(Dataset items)
+++
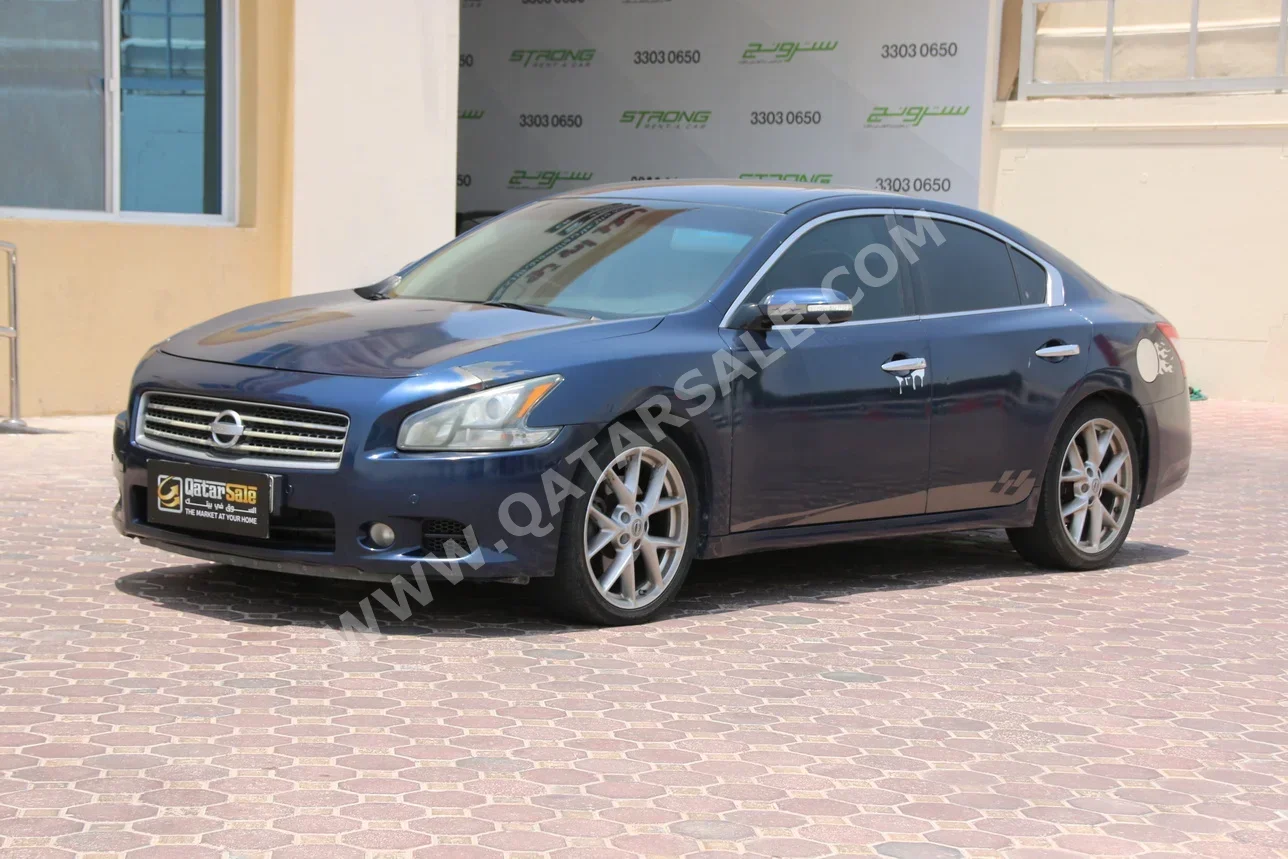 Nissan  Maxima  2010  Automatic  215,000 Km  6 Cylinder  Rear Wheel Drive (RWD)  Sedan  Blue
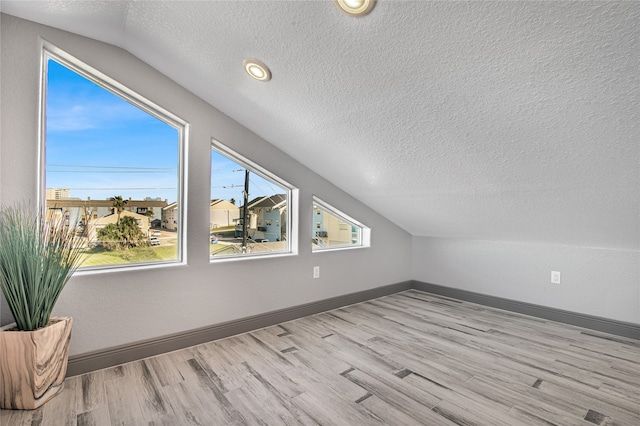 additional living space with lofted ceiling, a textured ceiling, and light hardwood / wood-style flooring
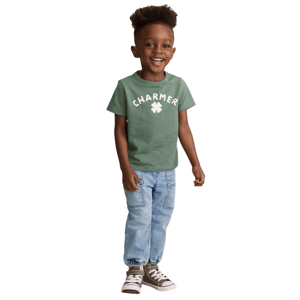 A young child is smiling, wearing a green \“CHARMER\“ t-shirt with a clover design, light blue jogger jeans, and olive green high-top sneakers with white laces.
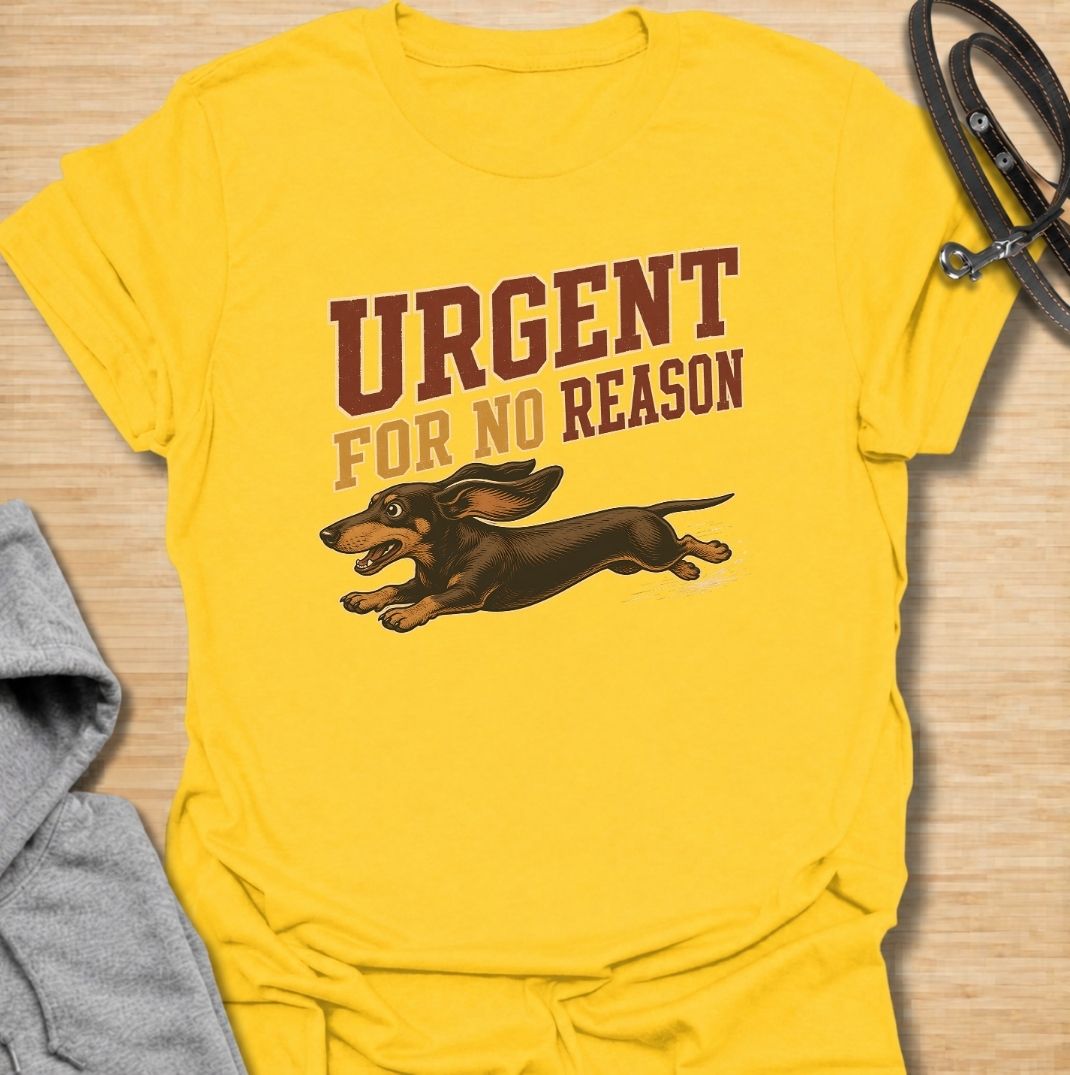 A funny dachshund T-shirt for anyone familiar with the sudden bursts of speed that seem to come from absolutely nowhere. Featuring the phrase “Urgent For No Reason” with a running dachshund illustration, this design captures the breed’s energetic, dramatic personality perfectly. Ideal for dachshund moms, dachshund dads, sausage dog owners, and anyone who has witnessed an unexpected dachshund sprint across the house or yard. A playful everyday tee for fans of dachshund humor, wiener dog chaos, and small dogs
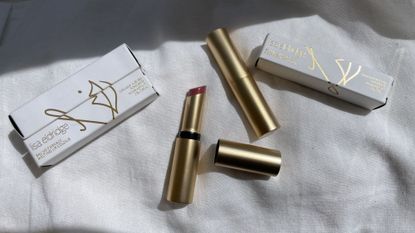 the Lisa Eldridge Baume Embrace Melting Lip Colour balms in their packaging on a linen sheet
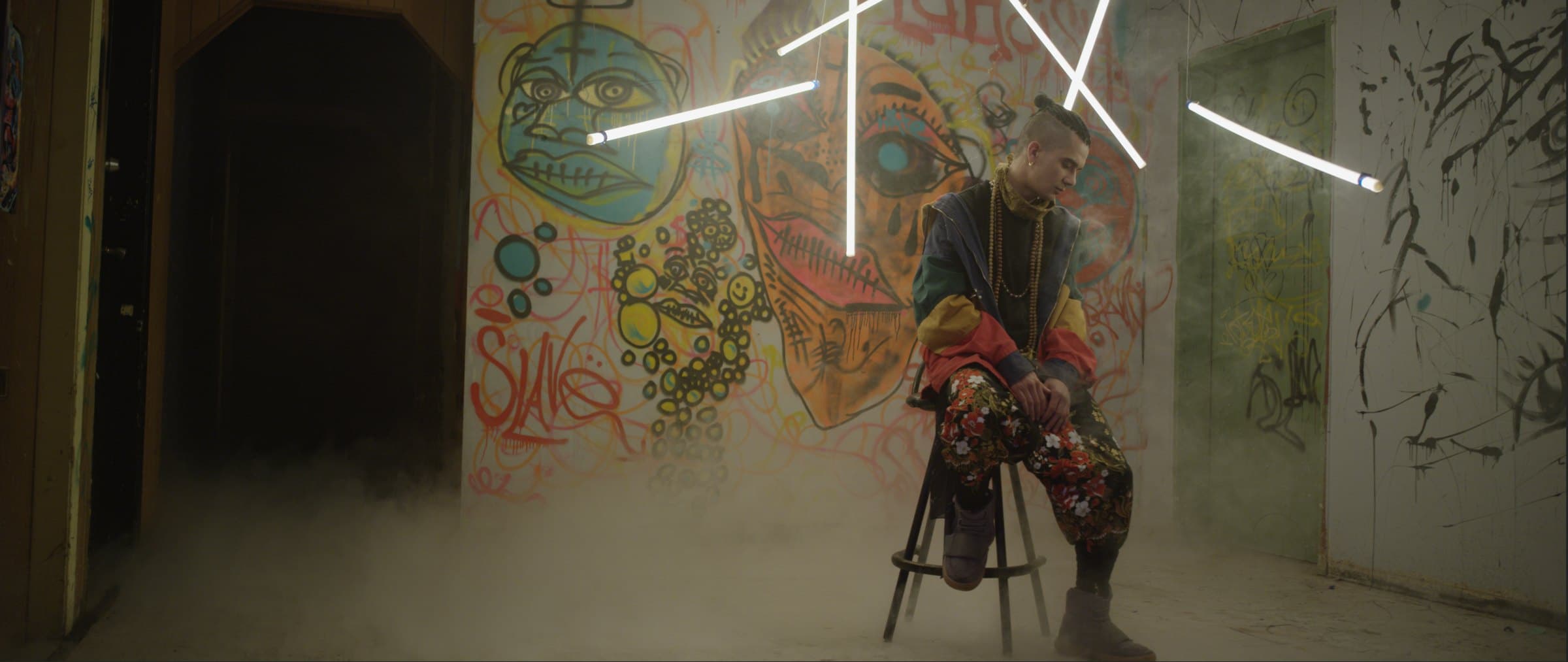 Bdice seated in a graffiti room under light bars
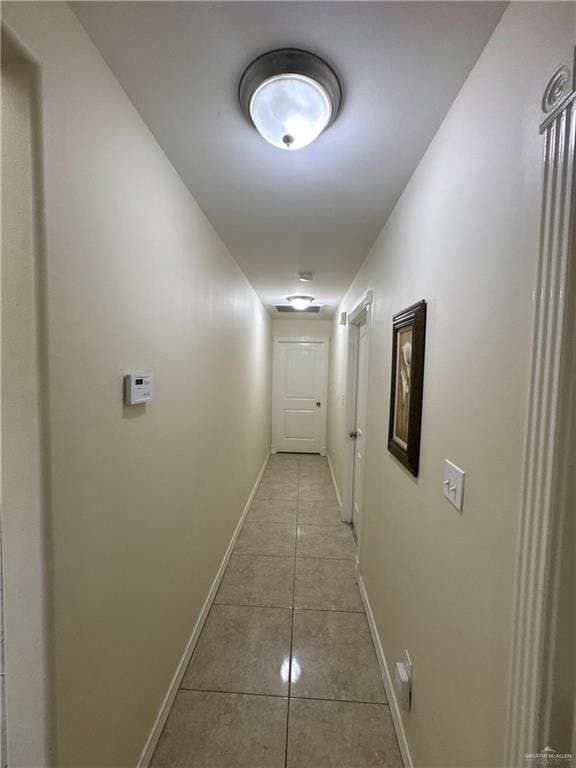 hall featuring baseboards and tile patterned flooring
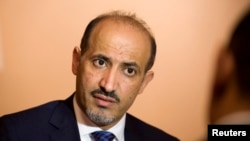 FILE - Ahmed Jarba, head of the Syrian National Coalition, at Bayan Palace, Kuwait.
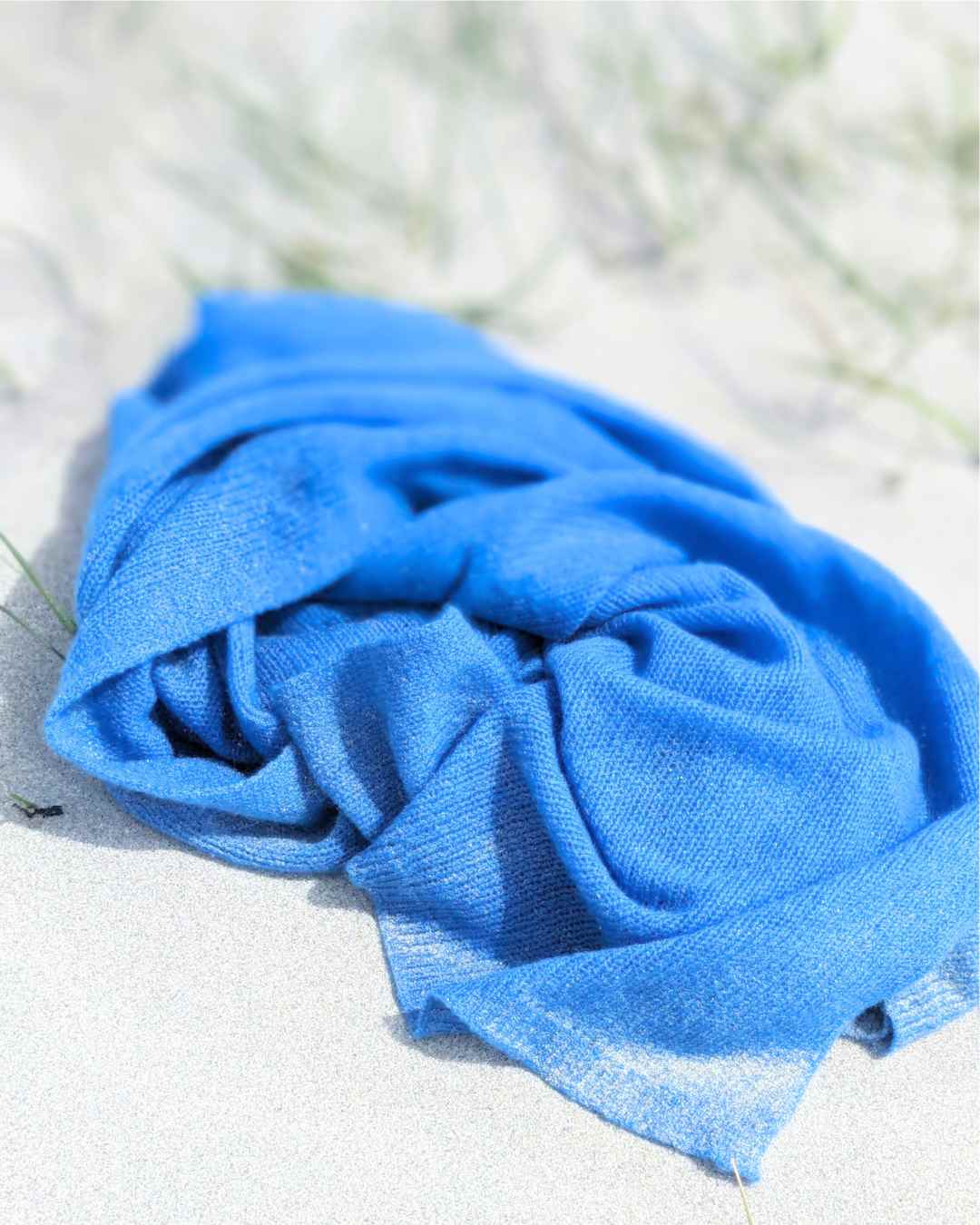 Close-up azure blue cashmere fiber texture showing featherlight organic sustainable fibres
+++
=== PROBLEM ===
In the data above, find the line with "the Lisa Eldridge" and repeat it and every line after it through the end, exactly; leave the pictures out.

=== YOUR RESPONSE ===
 the Lisa Eldridge Baume Embrace Melting Lip Colour balms in their packaging on a linen sheet
 Bdice seated in a graffiti room under light bars
 hall featuring baseboards and tile patterned flooring
 FILE - Ahmed Jarba, head of the Syrian National Coalition, at Bayan Palace, Kuwait.
 Close-up azure blue cashmere fiber texture showing featherlight organic sustainable fibres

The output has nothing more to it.